Prison Break – Season One
Picture:
C+ Sound: B- Extras: C+ Episodes: C+
The
continued influx of cheap, lame reality TV shows keeps pouring in, but dramatic
narrative series are also being made. Of
course, only a small number of them are really any good, but among the sea of
mostly forgettable series comes TV so bad, it becomes a beacon of trash
TV. After the rise and fall of the great
prison series Oz, Fox and the
ever-annoying Brett Ratner have teamed up again after driving X-Men into the ground with Prison Break.
To
compare this show to Oz is like
comparing genetically altered food to organic gourmet at its best, and that is
an insult to Monsanto, a company I wonder about. This wacky show stars unknown Wentworth
Miller as a man who decides to pull an armed bank robbery to get into a
prison. This is part of a ploy to get
revenge on the man who falsely framed his brother for a crime he did not commit
to the point he has been condemned to death.

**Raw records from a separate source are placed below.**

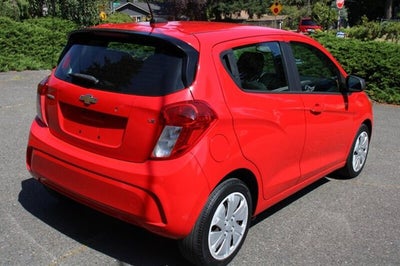 2016 Chevrolet Spark LS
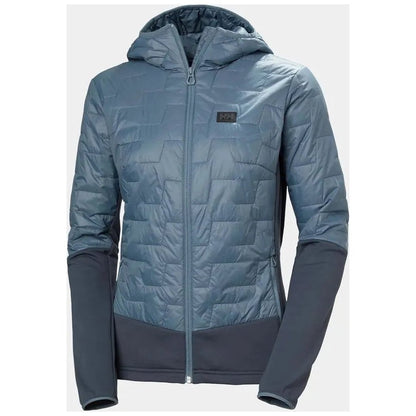 Helly Hansen Women's LIFALOFT Hybrid Insulator Jacket-Women's - Clothing - Jackets & Vests-Appalachian Outfitters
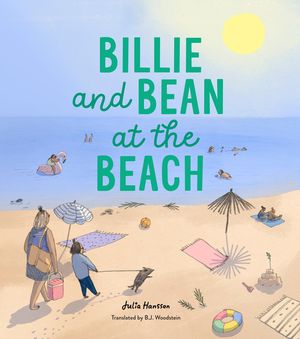 Billie and Bean at the Beach image number 0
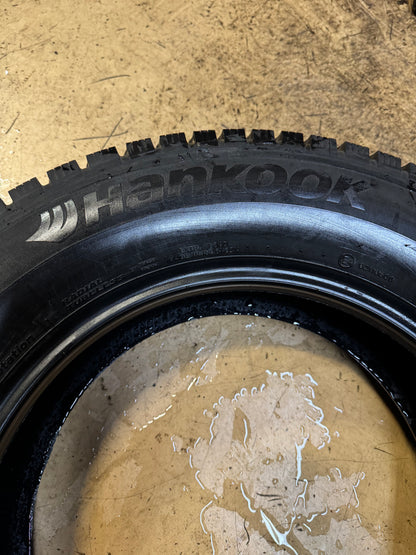 HANKOOK WINTER I PIKE X BSW P 235 65 17 108T XL WINTER TIRE 1028922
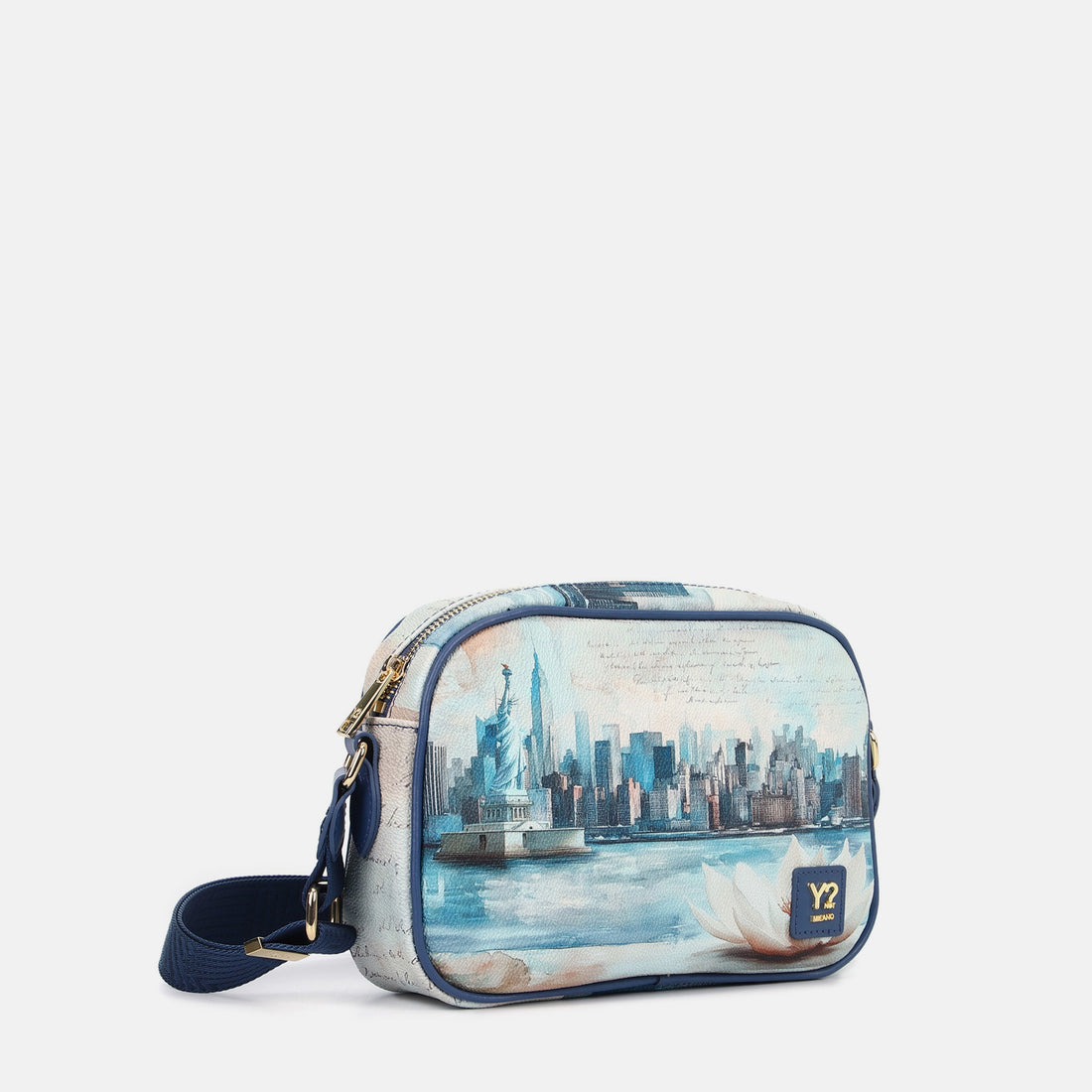 BORSA CAMERA BAG TRACOLLA DONNA YNOT YES-310S6 LIBERTY JEANS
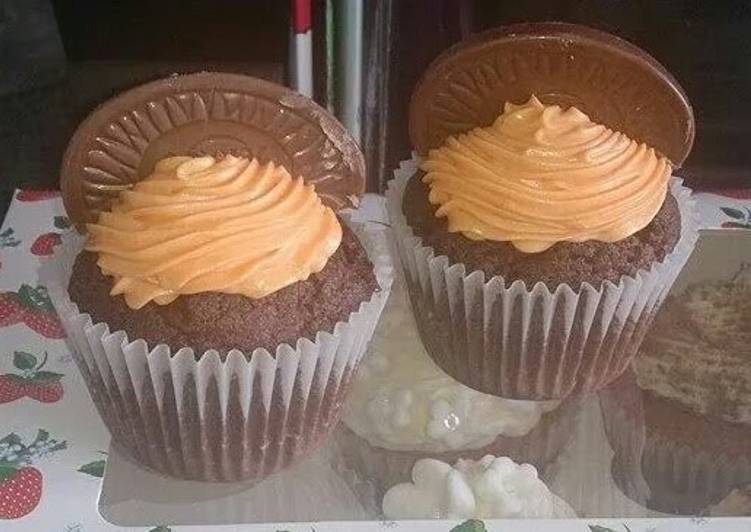 How to Cook Tasty Terry's chocolate orange cakes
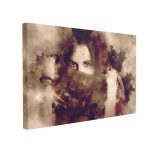 Tablou Canvas Portret Artistic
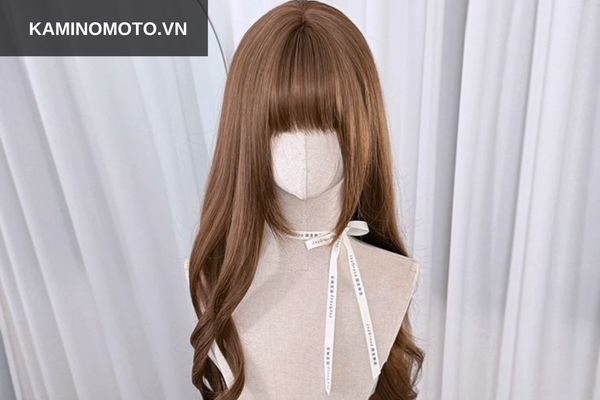 Vì sao cần tạo kiểu tóc giả đúng cách? 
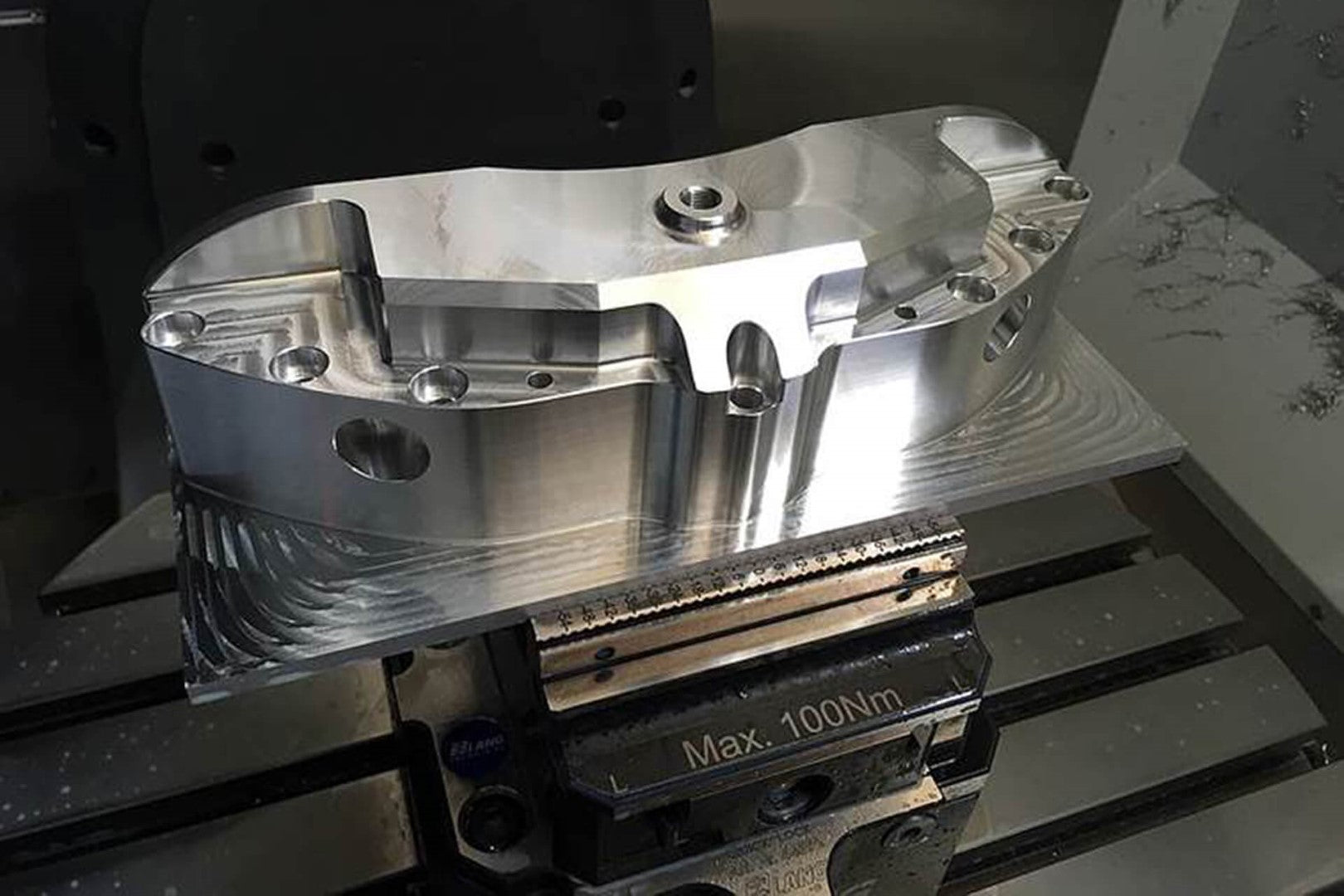 APR 350x34MM 2 Piece 6 Piston Kit - Front (PQ35 312MM)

Of course, this is covering up an ugly crime on the outside and some
very dangerous people are also a threat on the inside. His solution is to break both of them out of
the dangerous, high security facility.
In the
1960s and 1970s, this could have been a premise with something to offer, but
creator Paul T. Scheuring has created some goofy ins and outs that simply make
this much closer to Hogan’s Heroes
with a touch of Hip Hop than Oz. For one thing, the warden is the ironically
cast Stacy Keach, a figure of law and order as Mike Hammer who has had more
than his share of tabloid-touted troubles.
Then there is the female lawyer played by Robin Tunney, the underrated,
under-used, sexy actress who is the one legitimate link between the inside and
outside for Michael Scofield (Miller) and then Peter Stormare and other capable
actors as either prisoners or corrupt police and guards fill out the rest of
the cast.
There is
the “black” group, the “gay” group, the “Hispanic” group and other groups that
keep to themselves and constantly increase the tensions there. This is the formula for the 22 shows but
handled in the moist shallow ways. Best
of all, and here is a spoiler worth revealing.
Michael has a body tattoo that looks like a set of buildings, but
secretly has the entire blueprint of the prison on him and they never check him
for this?!?
The show
is just that way out there all the time, though it is always “frontin’” and
trying to show some kind of “realism” that seems more feasible for a show from
the 1980s than post-9/11. Yet, it is a
hit of some sort, but for how long? Who
knows? That is the hidden beauty of
trash TV in its ability to defy convention and good taste. The writing is competent enough to keep the
show going, but its soap opera nature is bound to implode on itself via its
lack of substance. At least some good
actors will get work out of this.
The
anamorphically enhanced 1.78 X 1 image is degraded slightly throughout to be
“realistic” or something like that, but it is instead annoying, clichéd and tired,
much like the show. The Dolby Digital
5.1 mix is better and has its surround moments, but dialogue is not always
clean or clear and this is not style. It
is a technical issue. Extras include
eleven audio commentaries on six of the shows, alternate/deleted scenes in
spots, four featurettes and TV spots. If
you like the show, you can really delve into what is here, but most will
eventually get bored and want to watch a bunch of Oz episodes instead.